Abituati al calendario cattolico che entra nelle nostre case e che fissa per ogni giorno la memoria di santi o sante, abbiamo dimenticato una prerogativa che invece deve interessare la comunità, il popolo, la gente quotidiana a cui è rivolto già dall’AT l’invito alla ‘santità’: “Siate santi, perchè io sono santo” (Lv 11,44). Dio, parlando a Mosè e ad Aronne, tra le regole di ‘purità’ chiedeva al popolo di essere santo come Lui è santo.
Per santità si intendeva essere ‘separato’ da ciò che, per il popolo ebraico, appariva come ‘impuro’, privo cioè del principio vitale che era soltanto in Dio. Oggi potremmo tradurre che santo è ‘separarsi dal male’, dalla menzogna, dalla ingiustizia.
Gesù non ha tardato, come già fecero i Profeti, a rendere l’idea di santità una esigenza interiore e concreta. Le Beatitudini di Mt 5 sono la concretizzazione della santità. “Beati i poveri nello spirito” significa: “coloro che hanno lo spirito di povertà” (come ricorda Jules Isaac, famoso studioso ebreo, nel suo bel volume Gesù e Israele); i miti, i misericordiosi, gli uomini di pace, gli afflitti, i testimoni della giustizia: Gesù ha interpretato la santità del Levitico con una pratica di vita che porta sulla terra la santità che è in Dio.
Cosa significa ‘essere religioso’ se non tentare di vivere la nostra esperienza umana come ha fatto Gesù stesso? Lui è il volto concreto delle Beatitudini che ha predicato sul monte.
La festa del primo novembre (ma anche la memoria dei defunti che segue) cosa vogliono dire a noi, al nostro mondo, se non ricordare che c’è sempre stata una santità di uomini e di donne, che hanno illuminato la storia con esempi di testimonianza alla carità, alla giustizia, al faticoso sviluppo tra i popoli per la libertà, i diritti, la difesa dei poveri? Una santità assolutamente anonima, ma come vuole il vangelo, vissuta come sapienza e sale della terra. Una testimonianza a volte eroica, come lo è stato anche per tanti uomini al servizio sociale e politico dei propri paesi, che hanno salvato i loro popoli dal precipitare nell’abisso della distruzione.
La santità vissuta con gesti semplici, nascosti, quotidiani di infinite persone che hanno terso le lacrime di uomini e donne nella sofferenza delle guerre, dei lager, delle prigioni, degli ospedali, o anche la santità dei nostri genitori o amici che ricordiamo testimoni umili, semplici, affidati alla provvidenza di Dio senza incertezze, e che hanno sviluppato in noi e intorno a noi la fiducia nel bene e dell’accoglienza.

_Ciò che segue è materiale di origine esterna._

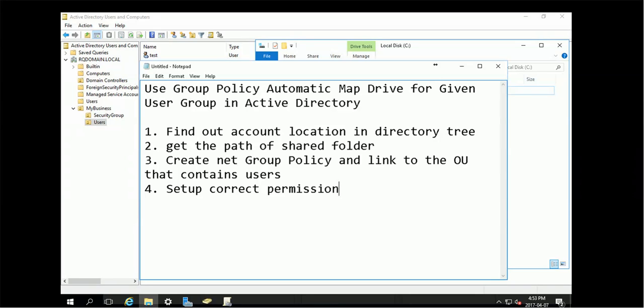Hello everybody, so in this video I'm going to show you how to use group policy to map a drive for a given user group or user in Active Directory.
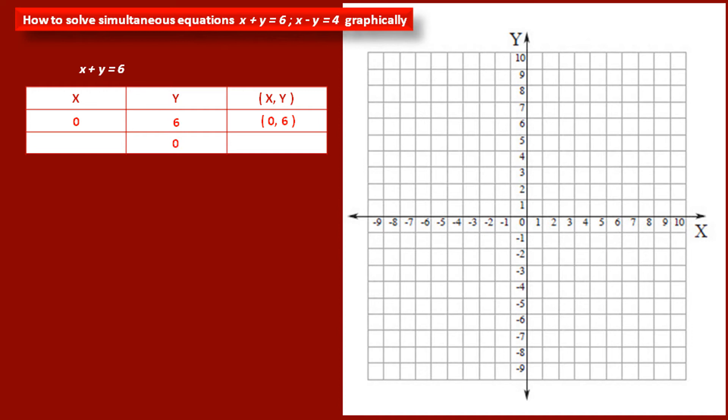Similarly, if we put y equal to 0 in this equation, then we get x equal to 6. Hence we get the second point with coordinates (6, 0) — that means x coordinate is 6 and y coordinate is 0.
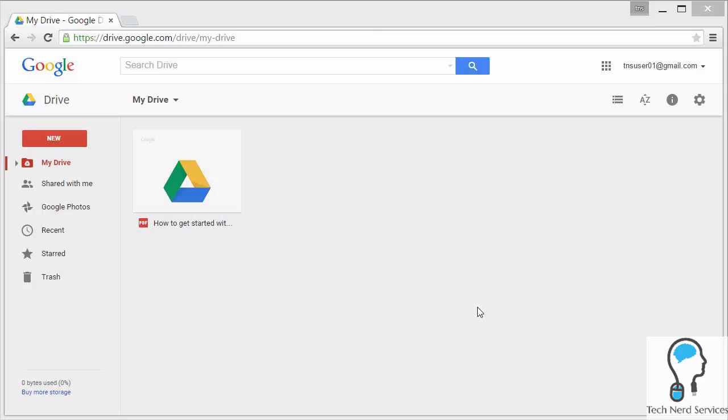Hi everyone, welcome to another Tech Nerd tutorial. Today we're going to do an overview of Google Drive and answer the questions: what is Google Drive and why use it?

Senza dimenticare che nel mondo intero è sempre esistita anche la santità di chi non è cristiano, ma che ha sempre vissuto con la dolcezza della carità e del sacrificio generoso, pur in situazioni di estrema povertà, di malattie e miseria,
E’ un bel giorno quello della liturgia dei Santi, che non finisce col primo di novembre. E’ la santità del popolo di Dio: c’è come un ‘germe’ divino dentro le masse dei popoli, che fa rivivere nei secoli il detto rivolto a Israele: “Siate santi, perchè io sono santo”: un segno divino, ripreso dal Concilio, nella Costituzione sulla Chiesa, base ormai fondamentale sulla definizione della santità del popolo di Dio: “Dio volle santificare e salvare gli uomini non individualmente e senza alcun legame tra loro, ma volle costituire di loro un popolo…” (LG 9). Ed è per questo popolo santo che la chiesa non può fare a meno di sentirsi santa e bisognosa di purificazione come recita la stessa Costituzione al n. 8: “Ecclesia sancta et simul et semper purificanda” (8).
Sta proprio qui la modernità e la novità di questa chiesa, anche oggi, contro ogni resistenza: Dio, in Gesù continua a santificare la chiesa, ma essa deve essere capace di rinnovarsi nella purificazione. In quel “sancta simul et semper purificanda” sta la chiave per gioire di una festa che continua nel popolo di Dio.